• _Supplied information_

((

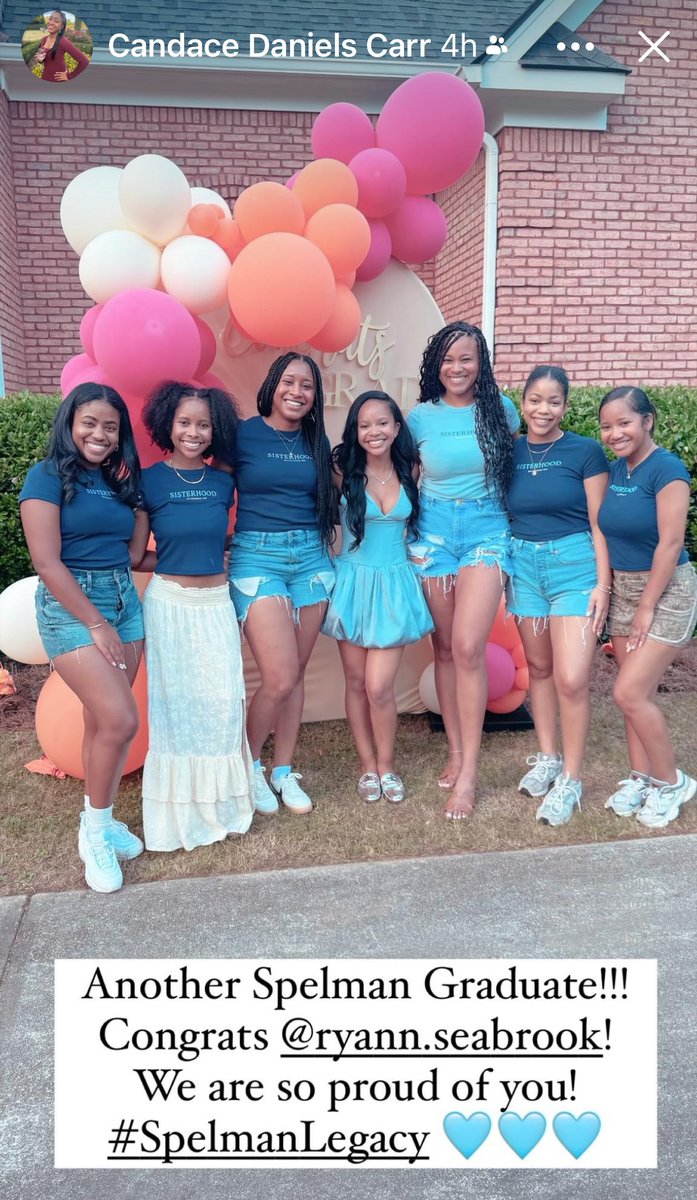 First Cousins💙🩵🤍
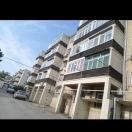 Satılır 2 otaqlı 48 m2 köhnə tikili Badamdar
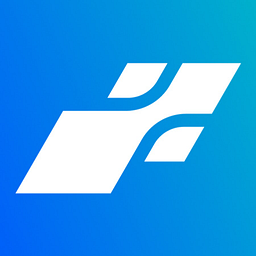 Comply logo
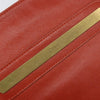 Chloe Vintage Leather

))

Print the full listing above exactly. Pictures stay out of the copy.

 First Cousins💙🩵🤍
 Satılır 2 otaqlı 48 m2 köhnə tikili Badamdar
 Comply logo
 Chloe Vintage Leather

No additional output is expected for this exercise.